We argue that generalizing to novel input semantic videos is insufficient. One should also aim for a model that can generalize to unseen domains, such as generating videos of human subjects that are not included in the training dataset. More ideally, a vid2vid model should be able to synthesize videos of unseen domains by leveraging just a few example images given at test time. If a vid2vid model cannot generalize to unseen persons or scene styles, then we must train a model for each new subject or scene style. Moreover, if a vid2vid model cannot achieve this domain generalization capability with only a few example images, then one has to collect many images for each new subject or scene style. This would make the model not easily scalable. Unfortunately, existing vid2vid approaches suffer from these drawbacks as they do not consider such generalization.

To address these limitations, we propose the few-shot vid2vid framework. The few-shot vid2vid framework takes two inputs for generating a video, as shown in Figure 1. In addition to the input semantic video as in vid2vid, it takes a second input, which consists of a few example images of the target domain made available at test time. Note that this is absent in existing vid2vid approaches [chan2018everybody, gafni2019vid2game, wang2018video, zhou2019dance]. Our model uses these few example images to dynamically configure the video synthesis mechanism via a novel network weight generation mechanism. Specifically, we train a module to generate the network weights using the example images. We carefully design the learning objective function to facilitate learning the network weight generation module.

Figure 1: Comparison between the vid2vid (left) and the proposed few-shot vid2vid (right). Existing vid2vid methods [chan2018everybody, gafni2019vid2game, wang2018video] do not consider generalization to unseen domains. A trained model can only be used to synthesize videos similar to those in the training set. For example, a vid2vid model can only be used to generate videos of the person in the training set. To synthesize a new person, one needs to collect a dataset of the new person and uses it to train a new vid2vid model. On the other hand, our few-shot vid2vid model does not have the limitations. Our model can synthesize videos of new persons by leveraging few example images provided at the test time.

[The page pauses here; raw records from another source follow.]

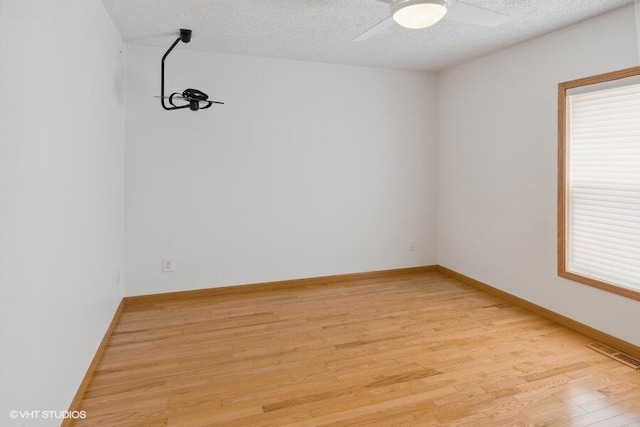 unfurnished room with a textured ceiling, light hardwood / wood-style floors, and ceiling fan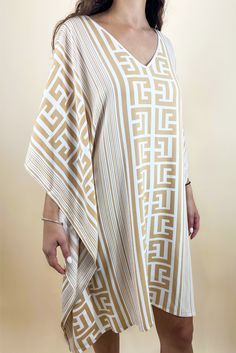 The ultimate beach cover up. With cascading bell sleeves and a stunning meandros print, this dress embodies a true air of a Grecian summer. Can easily thrown over a bathing suit for a look that is endlessly chic. One size fits all.Bust: 31 inches, Length: 34 inches, Shoulders: 21 inches100% Cotton. Made in Greece. V-neck Dresses With Geometric Pattern For Beach, Chic Printed V-neck Kaftan, Patterned Kaftan For Summer Beach Cover-up, Bohemian Maxi Dress With Geometric Pattern For Beach, Summer Beach Maxi Dress With Geometric Pattern, Geometric Pattern Dress For Summer Vacation, Elegant Batwing Sleeve Maxi Dress For Summer, Patterned Beachwear Maxi Dress For Beach, Patterned Maxi Beach Dress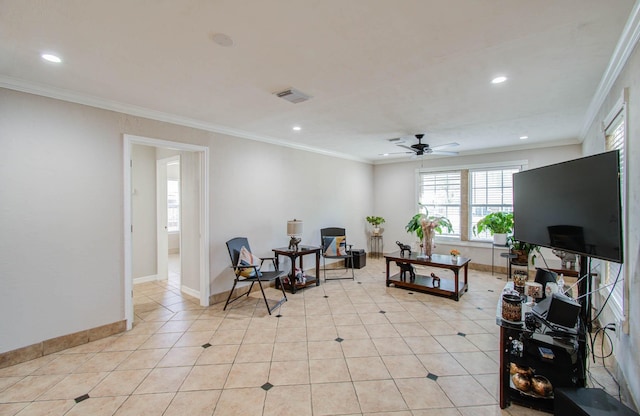 living area with crown molding, ceiling fan, and light tile patterned floors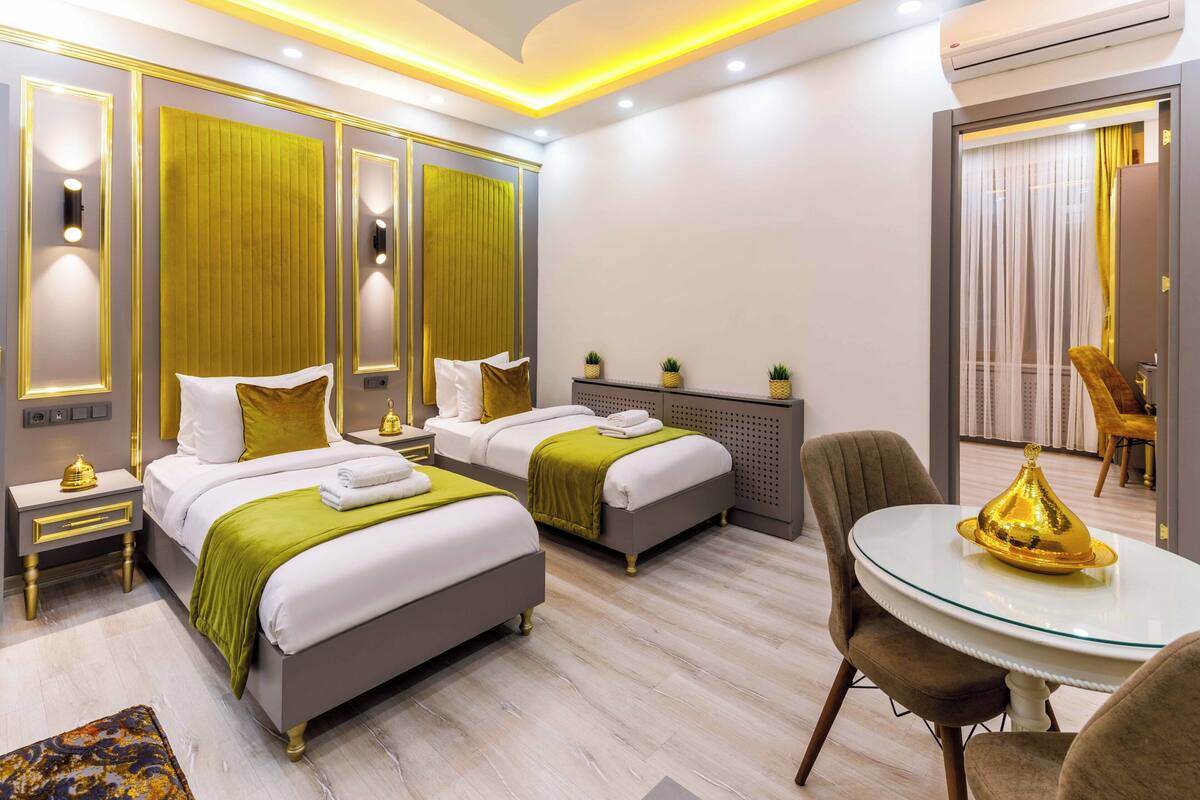 A modern hotel room with two beds, a dining table, and a seating area.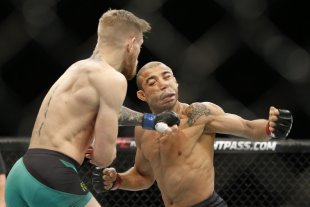Conor McGregor knocks out Jose Aldo with a left hook at UFC 194. (AP)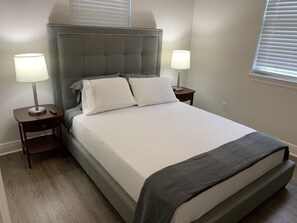 Queen upholstered bed with 12" memory foam mattress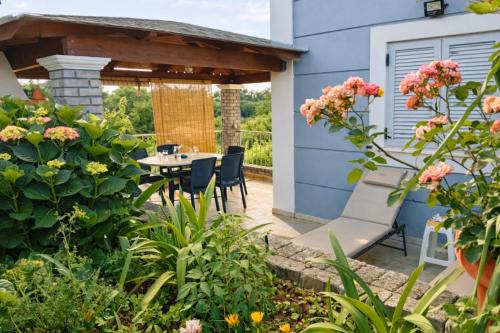 a patio with a table and chairs and flowers at Villa Nirvana - Sea View Maisonette in Roda, Offering Tranquility and Comfort on the Enchanting Northern Coast of Corfu in (( Litherés ))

We conduct extensive experimental validation with comparisons to various baseline approaches using several large-scale video datasets including dance videos, talking head videos, and street-scene videos. The experimental results show that the proposed approach effectively addresses the limitations of existing vid2vid frameworks. Moreover, we show that the performance of our model is positively correlated with the diversity of the videos in the training dataset, as well as the number of example images available at test time. When the model sees more different domains in the training time, it can better generalize to deal with unseen domains (Figure 7(a)). When giving the model more example images at test time, the quality of synthesized videos improves (Figure 7(b)).

2 Related Work

GANs. The proposed few-shot vid2vid model is based on GANs [goodfellow2014generative]. Specifically, we use a conditional GAN framework. Instead of generating outputs by converting samples from some noise distribution [goodfellow2014generative, radford2015unsupervised, liu2016coupled, gulrajani2017improved, karras2018style], we generate outputs based on user input data, which allows more flexible control over the outputs. The user input data can take various forms, including images [isola2017image, zhu2017unpaired, liu2016unsupervised, park2019SPADE], categorical labels [odena2016conditional, miyato2018cgans, zhang2019self, brock2018large], textual descriptions [reed2016generative, zhang2017stackgan, xu2018attngan], and videos [chan2018everybody, gafni2019vid2game, wang2018video, zhou2019dance]. Our model belongs to the last one. However, different from the existing video-conditional GANs, which take the video as the sole data input, our model also takes a set of example images. These example images are provided at test time, and we use them to dynamically determine the network weights of our video synthesis model through a novel network weight generation module. This helps the network generate videos of unseen domains.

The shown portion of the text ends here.